=== Brief ===
The entries below contain pictures. Write out only the lines from the line with "Modern line security" up to and including the line with "A set of icons", exactly, without them.

=== Given entries ===
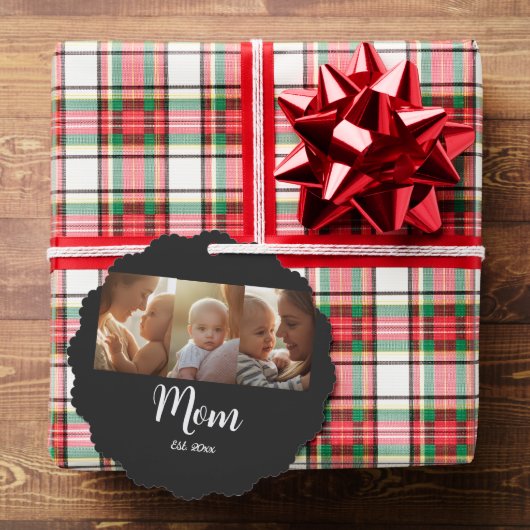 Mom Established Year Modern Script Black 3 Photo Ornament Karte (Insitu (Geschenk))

* * *

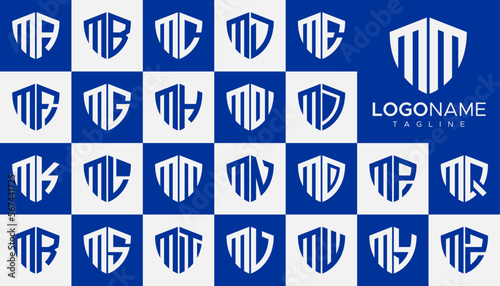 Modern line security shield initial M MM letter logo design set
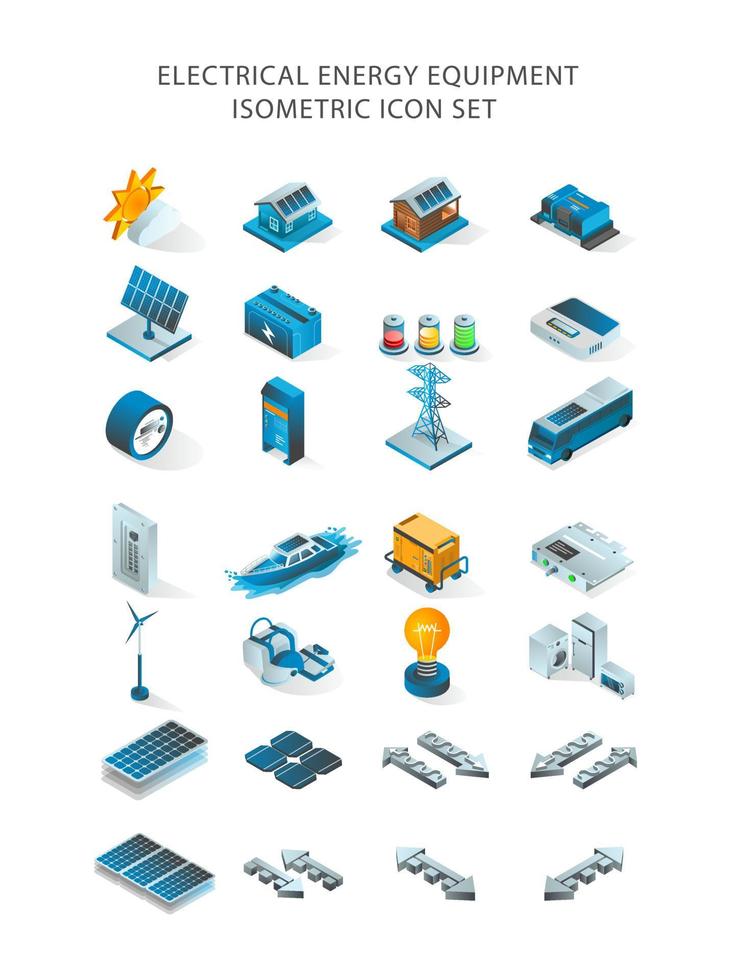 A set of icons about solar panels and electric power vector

=== Answer to this exercise ===
 Modern line security shield initial M MM letter logo design set
 A set of icons about solar panels and electric power vector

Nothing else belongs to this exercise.